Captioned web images
.....

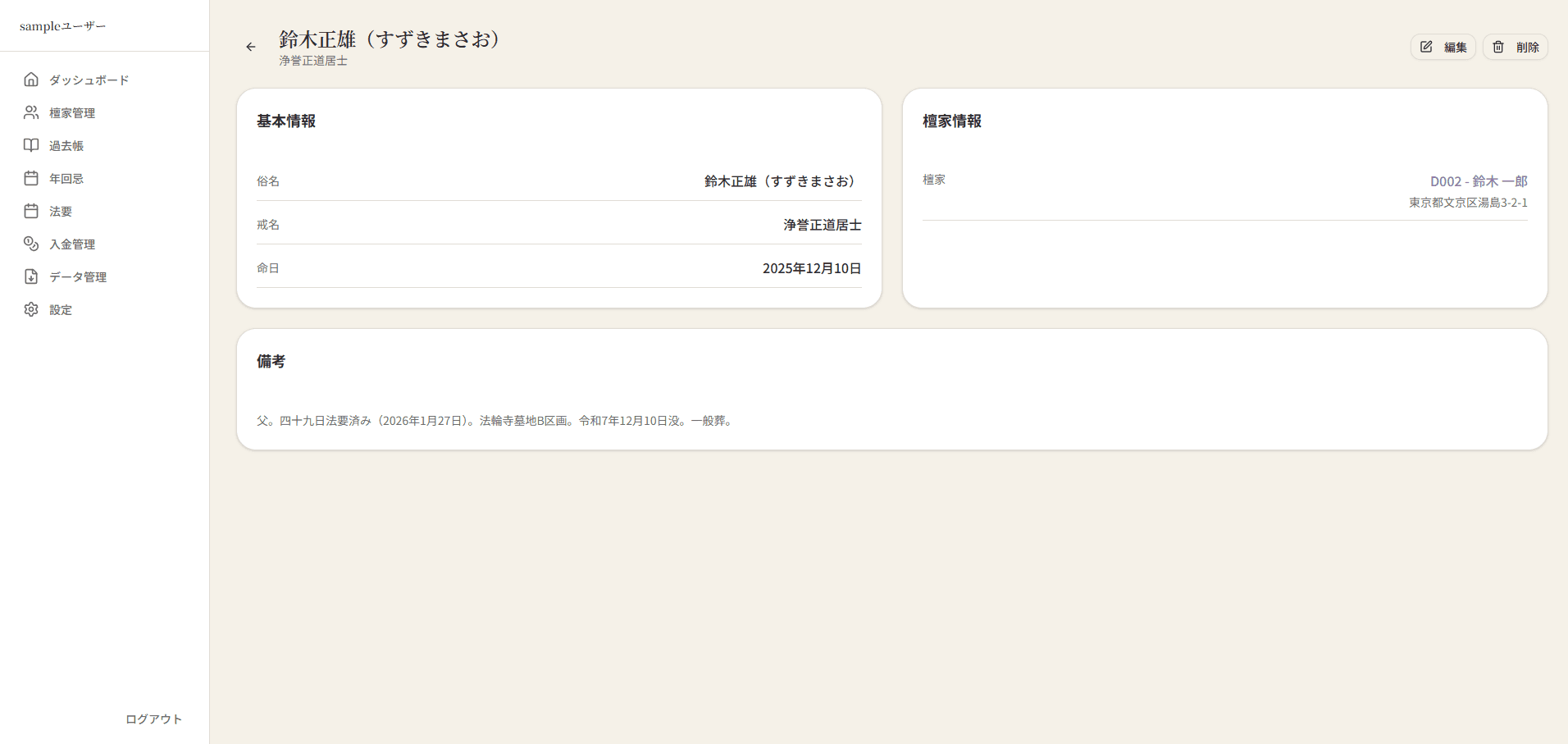 てらの記 過去帳アプリ 詳細画面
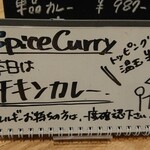 カフェ ジータ - 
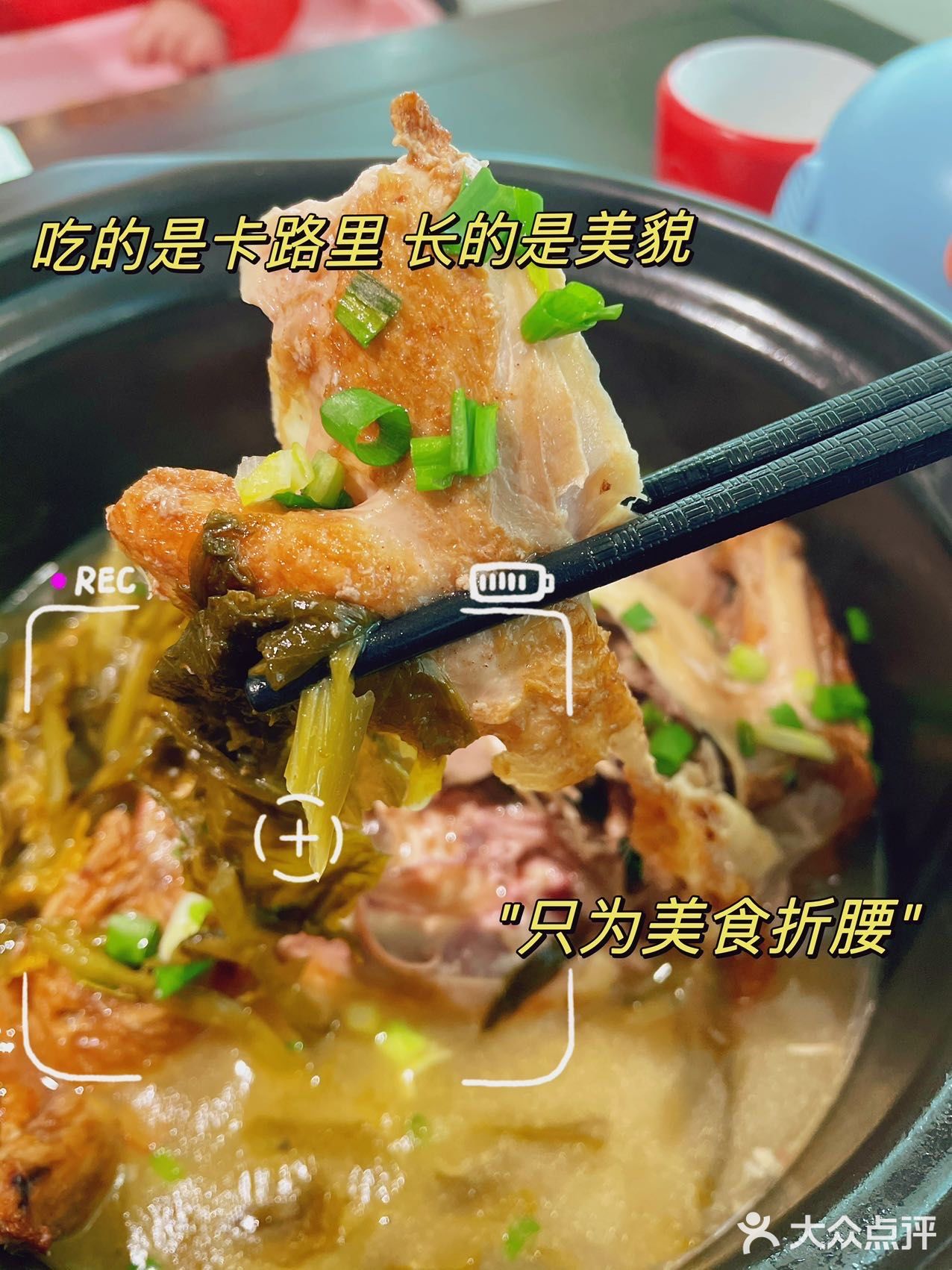 温州大西洋齐缘馥！！！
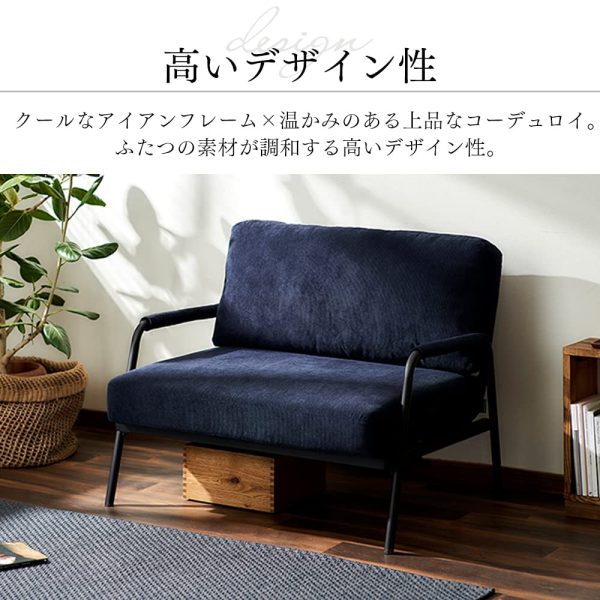 Iris Ohyama SFCS-90 1-Seater Corduroy Sofa, Light Brown, Product Size (W x D x H): Approx. 35.4 x 29.9 x 31.5 inches (90 x 76 x 80 cm), Seat Height: Approx. 16.5 inches (42 cm) Hot on Sale - Image 4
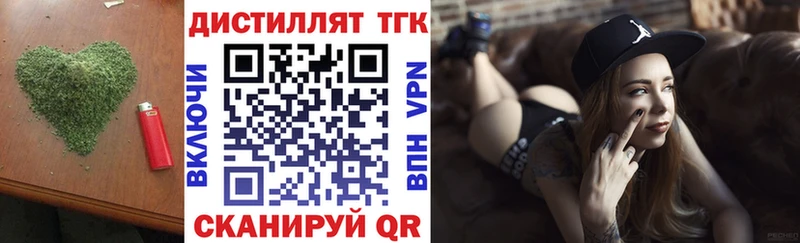 ТГК концентрат Касимов
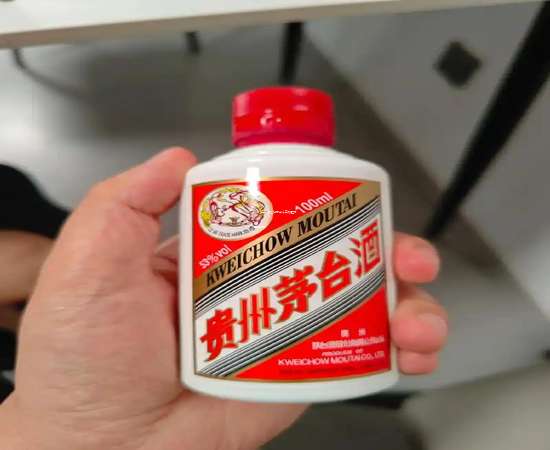 2026年茅台经销商与专卖店区别对比详解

.....

EXERCISE BRIEF:
The data above should be returned in full, exactly as written, apart from its images.

OUTPUT BELOW:
 てらの記 過去帳アプリ 詳細画面
 カフェ ジータ - 
 温州大西洋齐缘馥！！！
 Iris Ohyama SFCS-90 1-Seater Corduroy Sofa, Light Brown, Product Size (W x D x H): Approx. 35.4 x 29.9 x 31.5 inches (90 x 76 x 80 cm), Seat Height: Approx. 16.5 inches (42 cm) Hot on Sale - Image 4
 ТГК концентрат Касимов
 2026年茅台经销商与专卖店区别对比详解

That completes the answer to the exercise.